Sylvia öffnete den Mund, aber Dorothy ließ sie nicht zu Wort kommen. »Ich weiß, wie wichtig es ist, an all die armen Leute in der Welt zu denken, an die Unterdrückten, diejenigen, die keine Rechte haben, an die Unterschicht. Das habe ich weiß Gott gelernt. Aber, Sylvia, nur weil dieser Mann sich einer Sache verschrieben hat, heißt das doch nicht, dass die... Befriedigung seiner Frau völlig unwichtig ist, oder?«

»Dorothy, du willst doch nicht etwa sagen –«

»Oh, doch. Genau das meine ich. Dieser Mann kommt einmal pro Woche in mein Bett... höchstens ... und dann ist er auch sehr leidenschaftlich. Aber dazwischen ... keine Ahnung, er interessiert sich eben nicht für mich. Nein, schlimmer noch, es ist, als würde ich als Frau gar nicht existieren.«

»Dorothy, hör mir zu, du solltest nicht –«

»Ich weiß, ich weiß, ich bin selbstsüchtig, aber... ich mag nun mal Sex. So, jetzt ist es raus. Es stimmt. Ich genieße Sex. Und warum auch nicht? Es ist doch etwas ganz Natürliches zwischen Mann und Frau. Ich habe sogar versucht, mit ihm darüber zu reden, daraufhin hat er mir zu verstehen gegeben, ich sei anormal. ›Es ist nicht normal‹, hat er gesagt, ›wenn eine Frau so versessen darauf ist, insbesondere eine Frau deines Alters, die schon zwei Kinder hat.‹ Ich fühle mich aber nicht unnormal. Willst du wissen, wie ich mich fühle? Ich bin frustriert! Frustriert!«

»Dorothy, sie können dich hören. Ich meine, so ist das nun mal mit den Männern. In den ersten Jahren können sie kaum genug kriegen von einem, aber dann ... na ja, dann legt sich das Ganze eben. So ist es mit der Ehe. Wenn ich dir einen Rat geben soll – hab Geduld, das regelt sich schon.« Sie hielt einen Augenblick inne. »Oder glaubst du ... es hat mit einer anderen Frau zu tun?«, fragte sie ein wenig zögernd.
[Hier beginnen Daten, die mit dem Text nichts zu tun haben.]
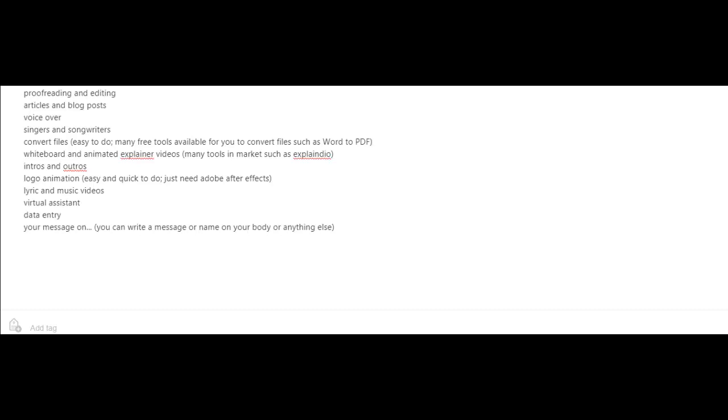Intros and outros for videos, logo animation - for this you just need Adobe After Effects - and lyric and music videos.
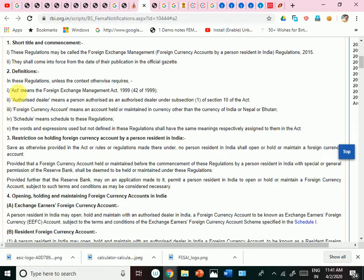First, there are some definitions. Authorized Dealer means entities like money transfer services such as Western Union, or every bank — State Bank of India, Bank of Baroda, HDFC — these are authorized dealers. Foreign Currency Account means an account held or maintained in a currency other than the currency of India, Nepal, or Bhutan.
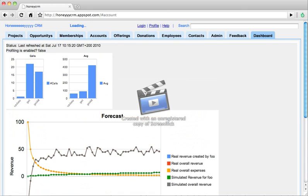And then we decided to plot this information again. This is mostly interesting for developers who want to improve the performance on HoneyCRM and see where are the hotspots of the application. But this is again just to show you how flexible we are in adding more features, adding kind of complex features like this profiling, which is very interesting for developers.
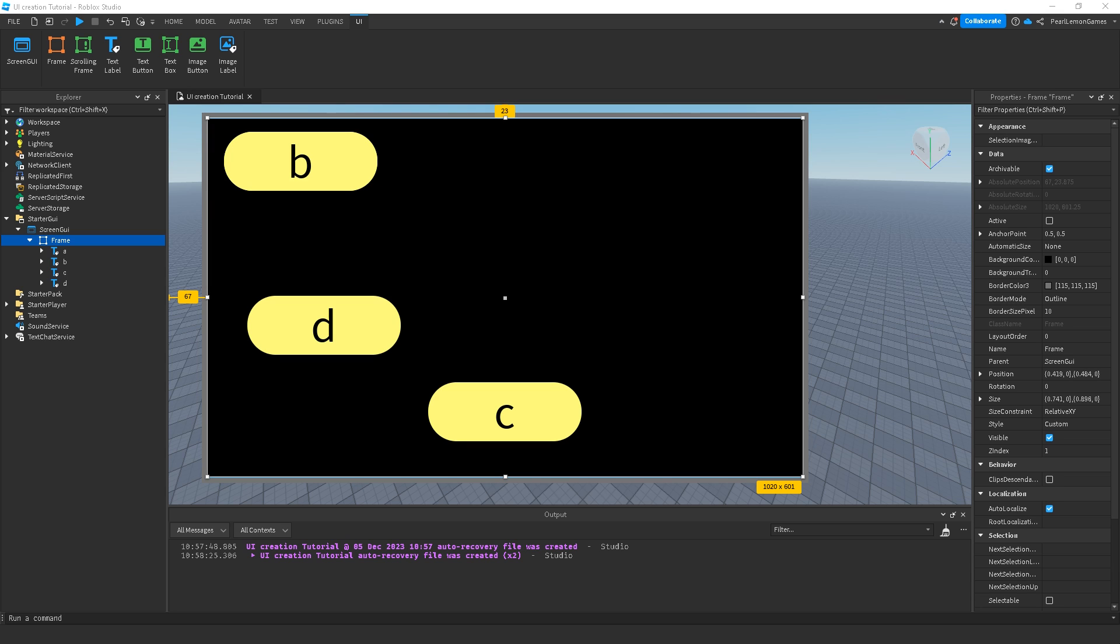Steven here with PearlMandGames. Welcome back to our channel and this video is a tutorial about UI list layout. We also have different tutorials but this is part of the UI creation tutorial series we're making.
»Jo? Er ist der letzte Mann, von dem ich mir so etwas vorstellen kann. Oh Gott, Sylvia, allein bei dem Gedanken muss ich lachen!«

»Ich frage ja nur. Tja, wenn es daran nicht liegt, was hältst du dann von einem aufreizenden Nachthemd? Das kann nicht schaden.«

Die beiden Frauen sahen einander an und begannen zu prusten. »Männer!«, sagten sie wie aus einem Munde und lachten noch lauter, so dass das Baby aufwachte und zu weinen anfing.